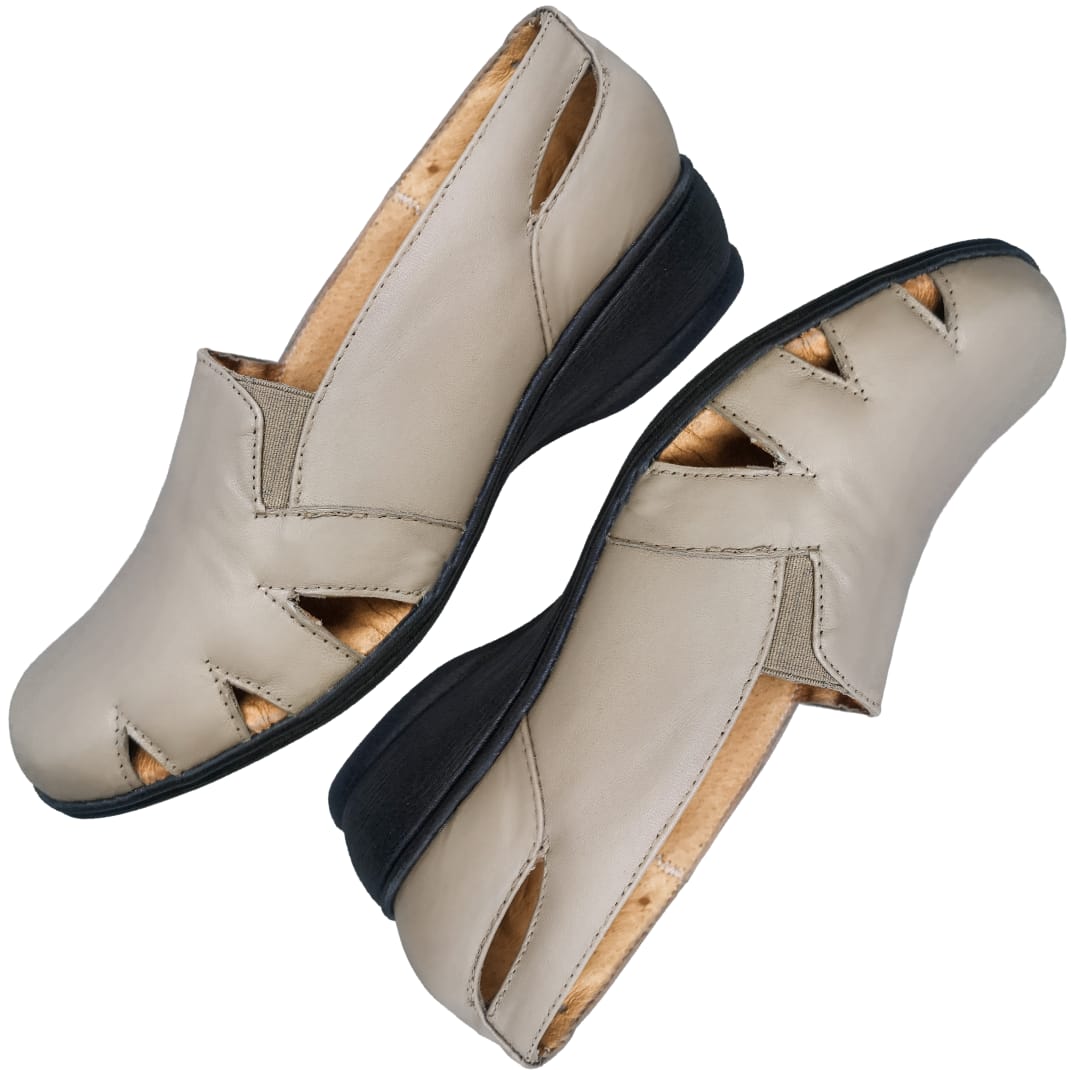 Calzado Tipo Huarache Para Pie Delicado Cabra Para Dama Color Camel.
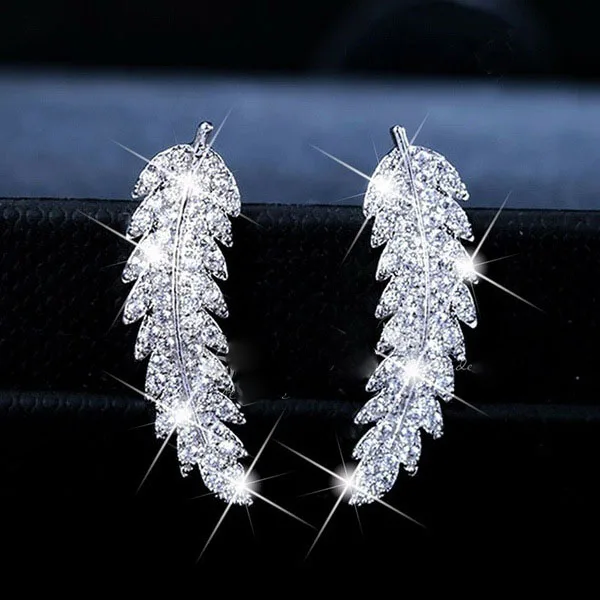 Fashion Feather Stud Earrings For Women Wedding Fine Jewelry Angle Wing CZ Leaves 925 SIlver Needle Earrings Pendientes Gifts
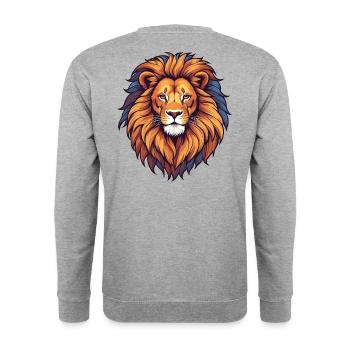 Lion's head with colorful mane - Unisex Sweatshirt - salt & pepper - Back - Michal (187cm)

WORK ITEM
Word for word, copy every line of the data, excluding any pictures.

ANSWER BOX
 Calzado Tipo Huarache Para Pie Delicado Cabra Para Dama Color Camel.
 Fashion Feather Stud Earrings For Women Wedding Fine Jewelry Angle Wing CZ Leaves 925 SIlver Needle Earrings Pendientes Gifts
 Lion's head with colorful mane - Unisex Sweatshirt - salt & pepper - Back - Michal (187cm)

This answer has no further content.